▶ _Task brief_: Word for word, copy the line containing "Photo of free Bathroom Stand (W38qg) #1" and every line after it in the records below, leaving pictures out.

BEGIN Data for this exercise

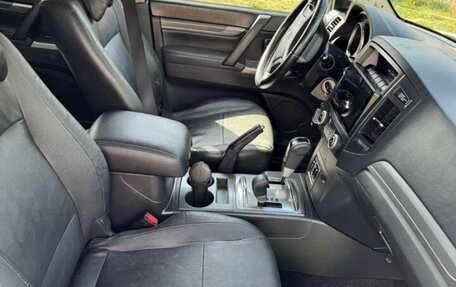 Mitsubishi Pajero IV, 2014 год, 2 750 000 рублей, 12 фотография
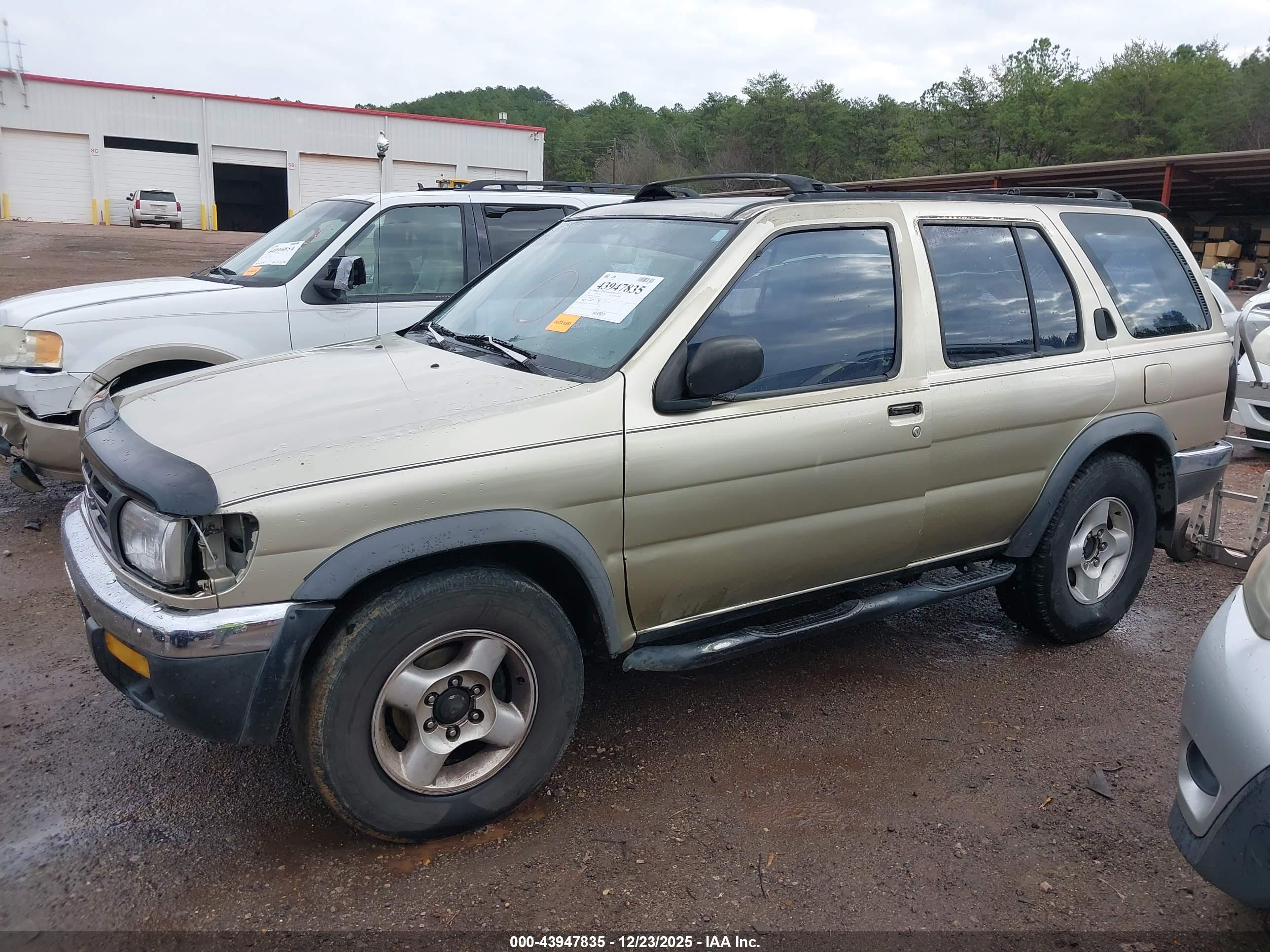 NISSAN PATHFINDER image 2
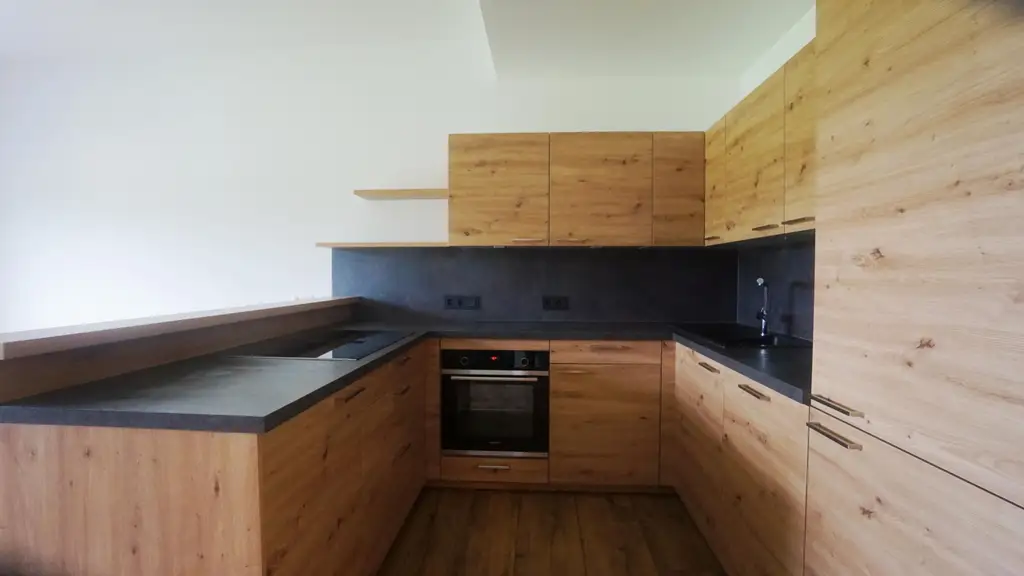 Moblierte, exklusive, lichtdurchflutete 4 Zimmer Wohnung / Kurzzeitmiete möglich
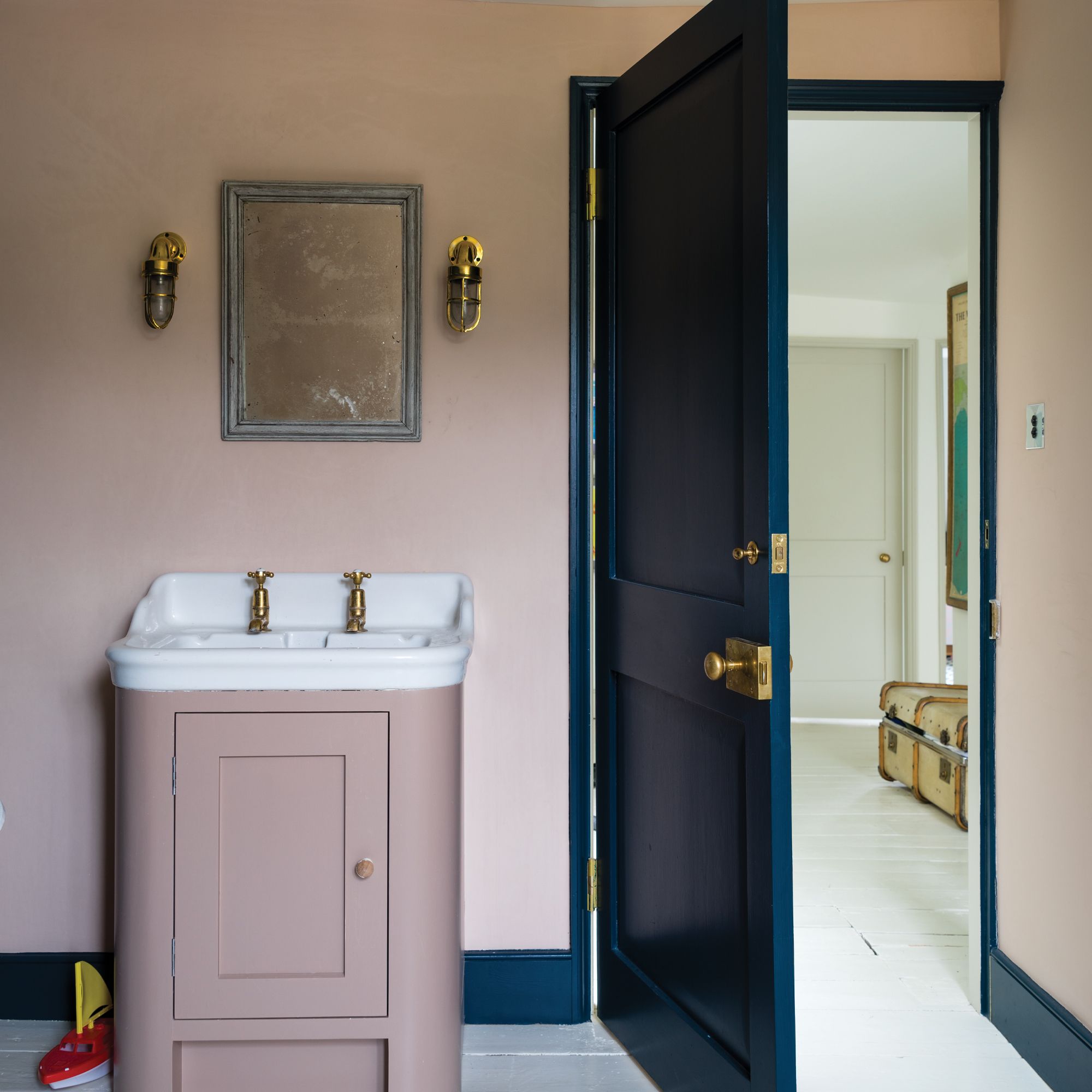 Farrow & Ball Estate Pink Ground Matt Wall & ceiling Emulsion paint, 100ml Tester pot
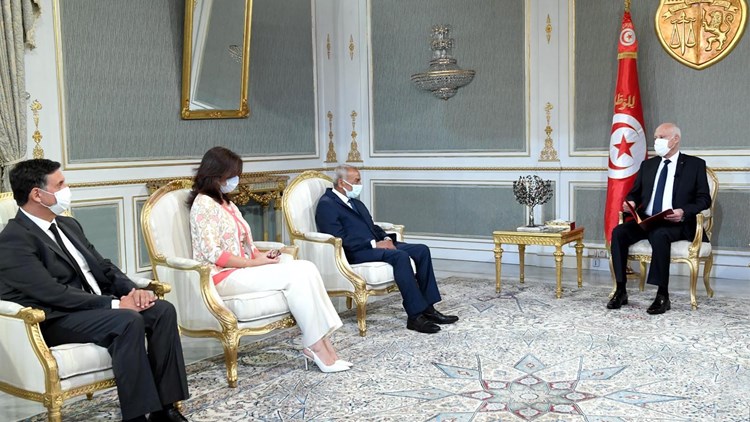 البنوك التونسية تتعهّد لسعيّد بدعم الاستثمار وقطاعي الصحة والتعليم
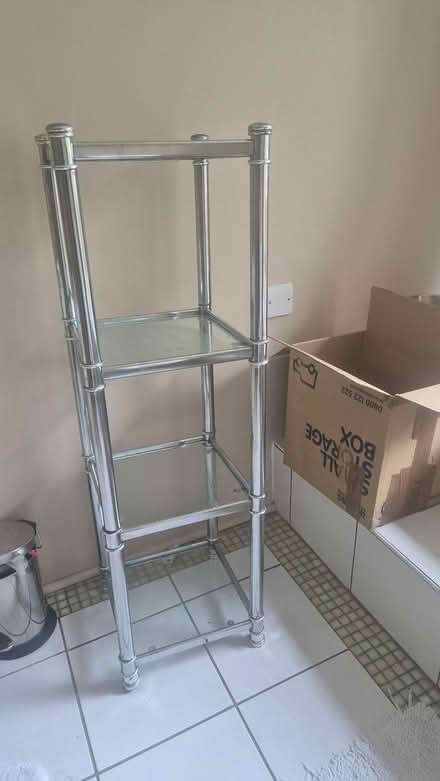 Photo of free Bathroom Stand (W38qg) #1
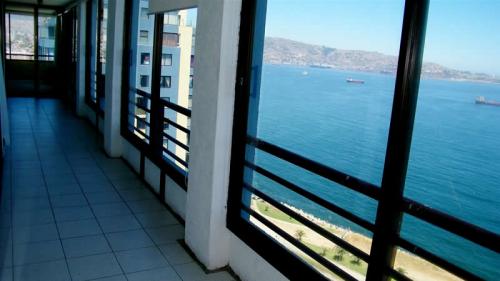  AD017 ARRIENDO AÑO CORRIDO DEPARTAMENTO AMPLIA VISTA AL MAR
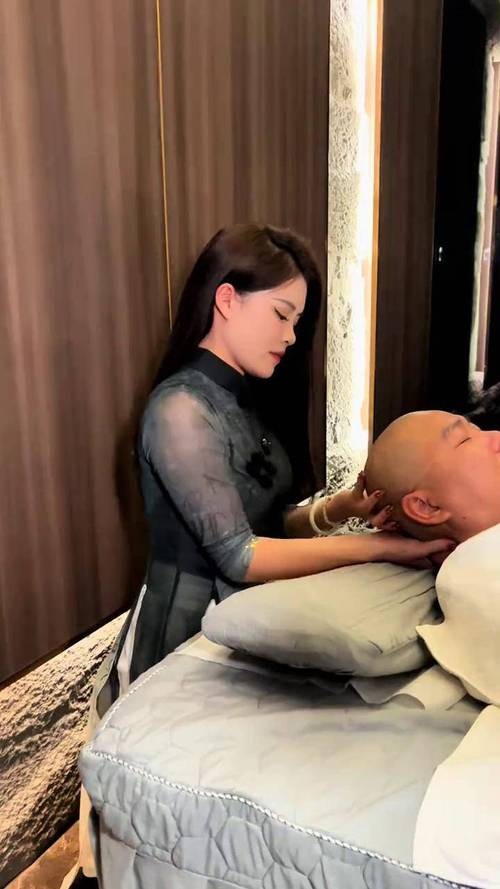 夫妻床上看的毛片的相关介绍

END Data for this exercise

▶ _The answer_:
 Photo of free Bathroom Stand (W38qg) #1
  AD017 ARRIENDO AÑO CORRIDO DEPARTAMENTO AMPLIA VISTA AL MAR
 夫妻床上看的毛片的相关介绍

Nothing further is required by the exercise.